:: REQUIRED ACTION ::
Please retype all the records below exactly as they read.

* * *

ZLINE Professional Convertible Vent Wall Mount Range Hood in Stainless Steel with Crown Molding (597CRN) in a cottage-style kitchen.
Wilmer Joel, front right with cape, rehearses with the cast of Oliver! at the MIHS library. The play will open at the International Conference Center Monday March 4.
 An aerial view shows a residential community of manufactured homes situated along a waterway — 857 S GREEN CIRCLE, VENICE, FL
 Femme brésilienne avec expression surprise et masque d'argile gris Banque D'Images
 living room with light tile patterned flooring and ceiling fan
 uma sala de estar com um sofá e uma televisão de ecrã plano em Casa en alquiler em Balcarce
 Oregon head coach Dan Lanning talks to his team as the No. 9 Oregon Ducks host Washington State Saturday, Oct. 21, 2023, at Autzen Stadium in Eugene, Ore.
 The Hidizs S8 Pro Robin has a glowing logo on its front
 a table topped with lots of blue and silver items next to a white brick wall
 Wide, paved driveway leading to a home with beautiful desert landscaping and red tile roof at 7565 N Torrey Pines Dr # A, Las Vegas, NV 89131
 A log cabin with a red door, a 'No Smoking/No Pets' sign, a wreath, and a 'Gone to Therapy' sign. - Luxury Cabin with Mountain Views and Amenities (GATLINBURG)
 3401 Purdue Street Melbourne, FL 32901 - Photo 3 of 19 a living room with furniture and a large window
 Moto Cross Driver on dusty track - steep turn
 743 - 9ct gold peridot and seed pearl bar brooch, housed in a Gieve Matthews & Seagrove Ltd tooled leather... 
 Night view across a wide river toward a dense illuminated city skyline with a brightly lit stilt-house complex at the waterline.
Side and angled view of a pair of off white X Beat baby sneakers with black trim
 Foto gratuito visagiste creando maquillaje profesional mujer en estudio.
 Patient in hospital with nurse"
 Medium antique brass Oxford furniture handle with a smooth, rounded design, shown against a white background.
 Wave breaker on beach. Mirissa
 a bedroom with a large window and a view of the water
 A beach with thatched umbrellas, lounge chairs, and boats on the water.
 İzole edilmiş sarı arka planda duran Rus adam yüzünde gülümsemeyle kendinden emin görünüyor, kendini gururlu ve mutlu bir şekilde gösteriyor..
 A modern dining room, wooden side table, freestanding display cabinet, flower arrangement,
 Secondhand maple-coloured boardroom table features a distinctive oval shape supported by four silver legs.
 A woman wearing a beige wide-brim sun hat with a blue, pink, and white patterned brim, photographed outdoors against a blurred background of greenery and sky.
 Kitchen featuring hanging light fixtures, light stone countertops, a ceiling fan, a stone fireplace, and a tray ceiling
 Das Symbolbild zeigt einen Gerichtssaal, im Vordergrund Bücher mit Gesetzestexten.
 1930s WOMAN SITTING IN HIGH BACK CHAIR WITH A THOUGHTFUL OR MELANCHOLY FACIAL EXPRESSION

* * *

:: TASK SOLUTION ::
ZLINE Professional Convertible Vent Wall Mount Range Hood in Stainless Steel with Crown Molding (597CRN) in a cottage-style kitchen.
Wilmer Joel, front right with cape, rehearses with the cast of Oliver! at the MIHS library. The play will open at the International Conference Center Monday March 4.
 An aerial view shows a residential community of manufactured homes situated along a waterway — 857 S GREEN CIRCLE, VENICE, FL
 Femme brésilienne avec expression surprise et masque d'argile gris Banque D'Images
 living room with light tile patterned flooring and ceiling fan
 uma sala de estar com um sofá e uma televisão de ecrã plano em Casa en alquiler em Balcarce
 Oregon head coach Dan Lanning talks to his team as the No. 9 Oregon Ducks host Washington State Saturday, Oct. 21, 2023, at Autzen Stadium in Eugene, Ore.
 The Hidizs S8 Pro Robin has a glowing logo on its front
 a table topped with lots of blue and silver items next to a white brick wall
 Wide, paved driveway leading to a home with beautiful desert landscaping and red tile roof at 7565 N Torrey Pines Dr # A, Las Vegas, NV 89131
 A log cabin with a red door, a 'No Smoking/No Pets' sign, a wreath, and a 'Gone to Therapy' sign. - Luxury Cabin with Mountain Views and Amenities (GATLINBURG)
 3401 Purdue Street Melbourne, FL 32901 - Photo 3 of 19 a living room with furniture and a large window
 Moto Cross Driver on dusty track - steep turn
 743 - 9ct gold peridot and seed pearl bar brooch, housed in a Gieve Matthews & Seagrove Ltd tooled leather... 
 Night view across a wide river toward a dense illuminated city skyline with a brightly lit stilt-house complex at the waterline.
Side and angled view of a pair of off white X Beat baby sneakers with black trim
 Foto gratuito visagiste creando maquillaje profesional mujer en estudio.
 Patient in hospital with nurse"
 Medium antique brass Oxford furniture handle with a smooth, rounded design, shown against a white background.
 Wave breaker on beach. Mirissa
 a bedroom with a large window and a view of the water
 A beach with thatched umbrellas, lounge chairs, and boats on the water.
 İzole edilmiş sarı arka planda duran Rus adam yüzünde gülümsemeyle kendinden emin görünüyor, kendini gururlu ve mutlu bir şekilde gösteriyor..
 A modern dining room, wooden side table, freestanding display cabinet, flower arrangement,
 Secondhand maple-coloured boardroom table features a distinctive oval shape supported by four silver legs.
 A woman wearing a beige wide-brim sun hat with a blue, pink, and white patterned brim, photographed outdoors against a blurred background of greenery and sky.
 Kitchen featuring hanging light fixtures, light stone countertops, a ceiling fan, a stone fireplace, and a tray ceiling
 Das Symbolbild zeigt einen Gerichtssaal, im Vordergrund Bücher mit Gesetzestexten.
 1930s WOMAN SITTING IN HIGH BACK CHAIR WITH A THOUGHTFUL OR MELANCHOLY FACIAL EXPRESSION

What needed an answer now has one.